Federal Reserve Chairman Ben Bernanke and his colleagues also are concerned about the length and severity of the downturn, according to minutes of their closed-door deliberations released Tuesday.
The minutes of the Dec. 15-16 meeting showed that Fed officials feared that the economy could “remain weak for some time and that the downside risks to economic growth would be substantial” despite the central bank’s aggressive actions to fight the downturn. The Fed in December slashed a key lending rate to nearly zero and pledged to use other unconventional methods to fight the slump.
The Commerce Department reported Tuesday that orders to factories fell for a record fourth straight month in November, dropping by a bigger-than-expected 4.6 percent following a 6 percent plunge in October that was the biggest drop in more than eight years.
Meanwhile, pending home sales fell to their lowest level on record in November, according to a report from the National Association of Realtors.
The Realtors’ 8-year-old index of pending sales dropped to 82.3, down from an October reading of 85.7. Since there is typically a one- to two-month lag between when a contract and a completed sale, the bigger-than-expected fall in the pending sales index signaled anemic sales in coming months.
“Plain and simple, the economy is in the dumps,” said Joel Naroff, chief economist at Naroff Economic Advisors.
But investors and businesses are hopeful that the new Congress that was installed Tuesday and President-elect Barack Obama will reach agreement in the next few weeks on a massive economic stimulus program. Lawmakers in both houses pledged to move quickly on the stimulus program, which is expected to include $300 billion in tax cuts.
Various industries are hoping to be included in the new round of government stimulus, including the beleaguered housing sector, where the economy’s troubles began more than two years ago.
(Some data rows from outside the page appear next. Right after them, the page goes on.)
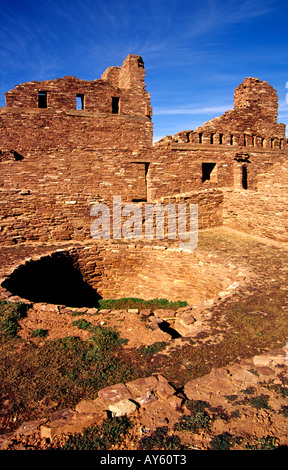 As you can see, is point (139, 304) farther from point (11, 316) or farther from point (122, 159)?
point (122, 159)

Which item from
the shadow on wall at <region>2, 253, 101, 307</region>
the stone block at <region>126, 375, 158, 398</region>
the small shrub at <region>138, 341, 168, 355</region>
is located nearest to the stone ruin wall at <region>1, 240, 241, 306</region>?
the shadow on wall at <region>2, 253, 101, 307</region>

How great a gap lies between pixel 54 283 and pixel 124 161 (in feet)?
26.0

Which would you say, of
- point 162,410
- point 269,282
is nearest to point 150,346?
point 162,410

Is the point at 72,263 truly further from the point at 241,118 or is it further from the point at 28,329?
the point at 241,118

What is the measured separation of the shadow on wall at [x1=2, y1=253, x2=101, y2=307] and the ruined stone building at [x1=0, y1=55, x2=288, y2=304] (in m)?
0.74

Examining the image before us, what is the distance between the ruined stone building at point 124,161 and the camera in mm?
12609

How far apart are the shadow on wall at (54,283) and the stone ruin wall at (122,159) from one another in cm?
A: 211

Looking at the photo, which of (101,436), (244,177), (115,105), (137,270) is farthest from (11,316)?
(115,105)

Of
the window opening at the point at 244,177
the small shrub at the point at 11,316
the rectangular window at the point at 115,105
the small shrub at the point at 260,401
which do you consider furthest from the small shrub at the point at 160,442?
the rectangular window at the point at 115,105

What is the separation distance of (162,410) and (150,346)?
61.0 inches

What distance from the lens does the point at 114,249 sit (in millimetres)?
11781

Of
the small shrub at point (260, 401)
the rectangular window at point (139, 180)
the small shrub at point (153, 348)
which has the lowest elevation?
the small shrub at point (260, 401)

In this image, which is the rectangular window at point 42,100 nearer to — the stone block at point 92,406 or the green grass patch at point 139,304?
the green grass patch at point 139,304

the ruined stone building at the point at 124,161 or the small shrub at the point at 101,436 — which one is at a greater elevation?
the ruined stone building at the point at 124,161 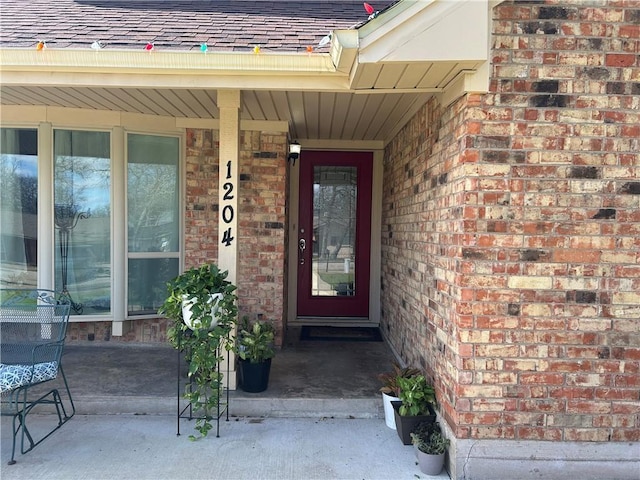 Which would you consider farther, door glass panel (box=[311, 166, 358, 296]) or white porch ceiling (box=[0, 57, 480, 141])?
door glass panel (box=[311, 166, 358, 296])

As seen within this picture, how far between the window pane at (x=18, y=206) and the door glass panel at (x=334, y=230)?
303 centimetres

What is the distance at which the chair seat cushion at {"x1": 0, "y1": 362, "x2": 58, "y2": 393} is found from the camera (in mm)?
2568

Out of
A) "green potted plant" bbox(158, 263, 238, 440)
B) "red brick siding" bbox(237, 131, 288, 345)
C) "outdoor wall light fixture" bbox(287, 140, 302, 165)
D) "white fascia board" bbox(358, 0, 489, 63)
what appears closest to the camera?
"white fascia board" bbox(358, 0, 489, 63)

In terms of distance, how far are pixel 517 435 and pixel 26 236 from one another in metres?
4.48

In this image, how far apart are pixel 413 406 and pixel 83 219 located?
3.51 meters

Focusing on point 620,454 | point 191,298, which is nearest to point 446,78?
point 191,298

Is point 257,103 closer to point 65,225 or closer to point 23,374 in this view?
point 65,225

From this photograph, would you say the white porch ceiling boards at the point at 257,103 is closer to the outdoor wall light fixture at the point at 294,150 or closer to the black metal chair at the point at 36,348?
the outdoor wall light fixture at the point at 294,150

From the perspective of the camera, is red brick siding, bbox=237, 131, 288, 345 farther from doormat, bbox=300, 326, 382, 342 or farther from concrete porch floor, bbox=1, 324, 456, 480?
concrete porch floor, bbox=1, 324, 456, 480

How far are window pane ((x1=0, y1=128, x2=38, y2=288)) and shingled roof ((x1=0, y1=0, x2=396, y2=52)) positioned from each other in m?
1.15

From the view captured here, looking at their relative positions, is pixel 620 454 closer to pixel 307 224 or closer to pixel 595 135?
pixel 595 135

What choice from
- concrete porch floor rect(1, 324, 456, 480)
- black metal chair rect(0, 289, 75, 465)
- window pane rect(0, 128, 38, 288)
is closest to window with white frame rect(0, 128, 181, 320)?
window pane rect(0, 128, 38, 288)

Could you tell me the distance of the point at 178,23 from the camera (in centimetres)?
336

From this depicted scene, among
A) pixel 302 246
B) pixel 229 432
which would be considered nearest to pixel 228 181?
pixel 229 432
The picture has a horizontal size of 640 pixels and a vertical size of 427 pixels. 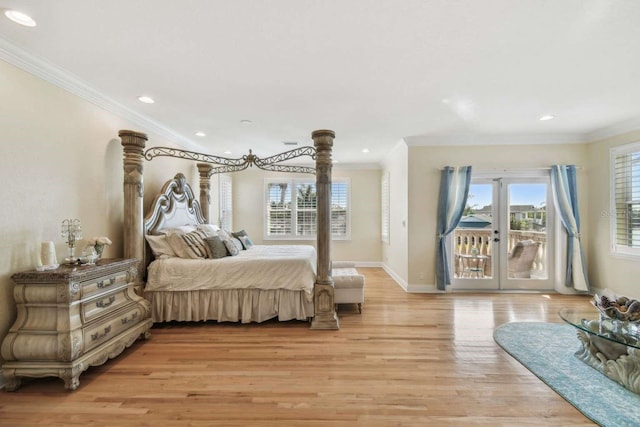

Lawrence Yun, chief economist for the Realtors group, said the slump in pending home sales underscored that a “real estate-focused plan is urgently needed.”
Despite the dismal news Tuesday, there were some glimmers that better days could be ahead, said Brian Bethune, chief U.S. financial economist at IHS Global Insight in Lexington, Mass. Recent substantial reductions in auto loan rates and some easing in credit standards may be pointing to stabilized consumer spending, which accounts for two-thirds of economic activity, and has been plunging in recent months.
But Bethune said Congress must come through quickly with another economic stimulus program to make the hopes of recovery a reality.
“A large dose of targeted tax relief, executed early in 2009, would be the most effective mechanism for jolting the economy out of the recessionary cycle quickly,” Bethune said.